Scale-Up vs. Scale-Out Architecture: We Have A Winner
It is the advent of cloud computing which has forced the emergence of truly scale-out applications. Cloud instances are often wimpy, so you need many of them, and they are subject to failure and unreachability in ways that traditional infrastructure have avoided. But outside of the cloud, back in the ‘traditional’ data center, scale-out brings huge advantages to the cost and availability of enterprise applications. Big multi-core systems have a super-linear cost, taking advantage of those customers who are stuck with scale-up and can’t scale-out. Scale-out software allows hardware choices which target the sweet spot between cost and cores.

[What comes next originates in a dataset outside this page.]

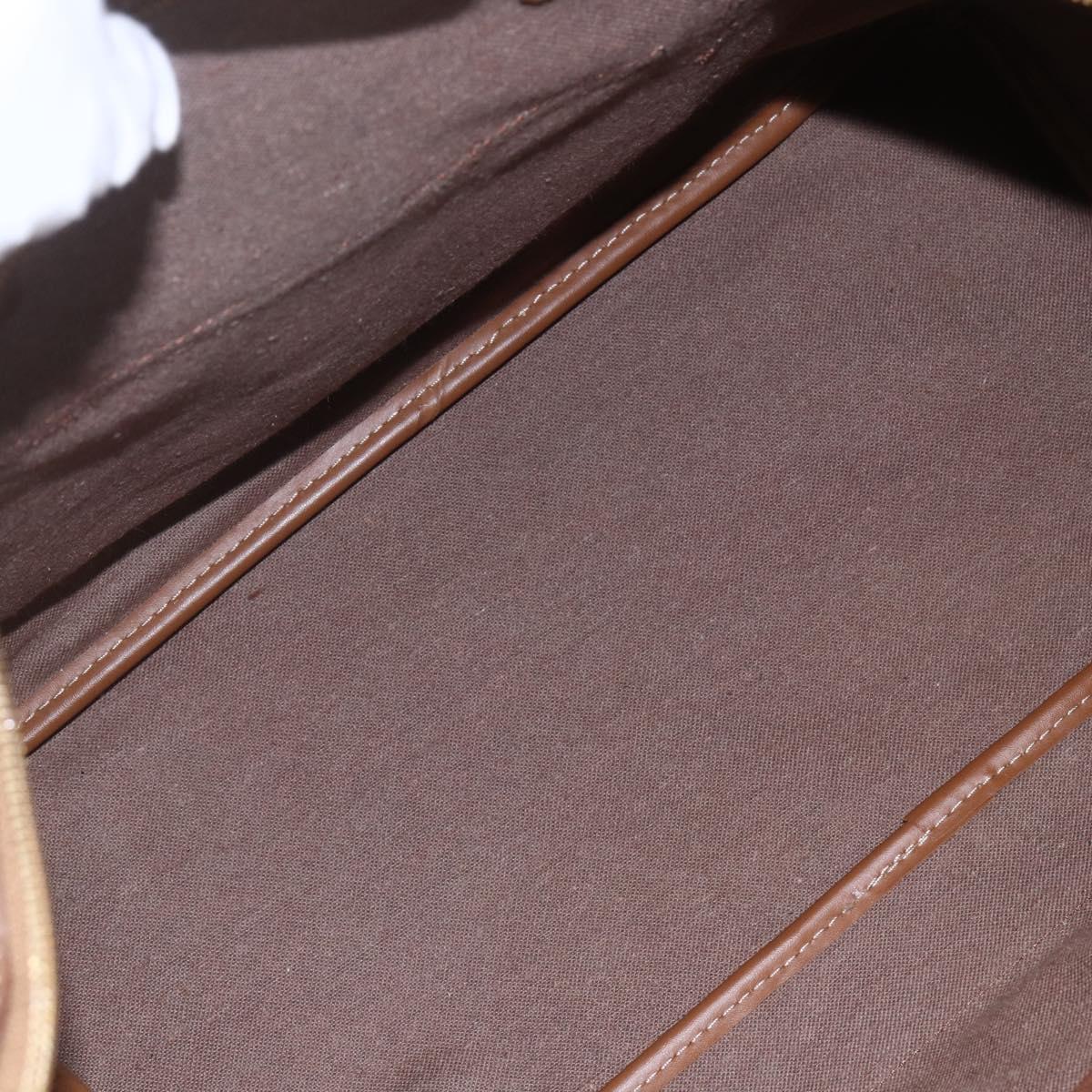 Christian Dior Honeycomb Canvas Tote Bag PVC Leather Beige Auth ep12002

But Creating Scale-Out Apps Isn’t Easy
But make no mistake – writing scale-out applications is hard. Really hard. Scale-out applications usually improve their availability by the fact that they run across multiple nodes. However, consistency of data across these nodes can be a challenge. Any multi-node application is also subject to partitioning, which can wreak havoc on availability and consistency. Eric Brewer’s famous CAP theorem makes it clear: of consistency, availability, and partitioning, only 2 of 3 can be achieved. No scale-out app is safe from partitioning, so this means that an app must sacrifice availability, consistency, or both! Fortunately, many scale-out applications squeak by with self-defined levels of consistency and availability which are “good enough.”
Fortunately, there is help for the scale-out application developer. The Erlang language system was one of the first to embrace a high concurrent and partition tolerant environment; today the Go programming language is taking some of these ideas into the mainstream. The Akka framework brings many of these capabilities to Java and other JVM languages. Microsoft’s Project Orleans has been a very successful approach to integrating concurrency and fault tolerance into the C# language.
Scale-out environments are being driven by a new wave of applications which are multi-node, highly available, with well-defined consistency, and make efficient use of multi-core processors and commodity hardware. In the scale-up vs. scale-out architecture battle, scale-out apps rule!